Listed records ▸
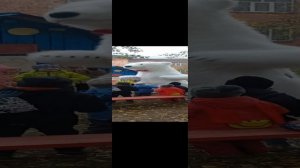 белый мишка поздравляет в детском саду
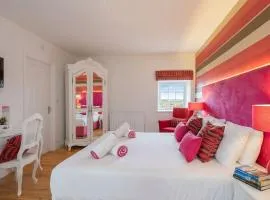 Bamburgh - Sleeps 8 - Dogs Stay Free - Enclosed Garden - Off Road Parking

--

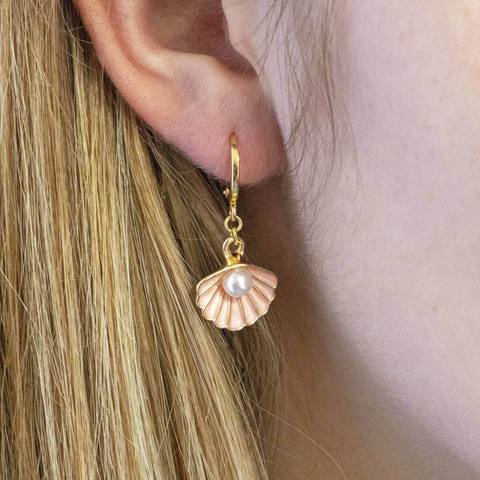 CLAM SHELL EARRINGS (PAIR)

Task statement ▸ Of all the material above, only the lines from the one that has "белый мишка поздравляет в детском саду" down to the one that has "Bamburgh - Sleeps" are to be written out, exactly and with both ends included. Pictures are skipped.

Solution to this problem ▸
 белый мишка поздравляет в детском саду
 Bamburgh - Sleeps 8 - Dogs Stay Free - Enclosed Garden - Off Road Parking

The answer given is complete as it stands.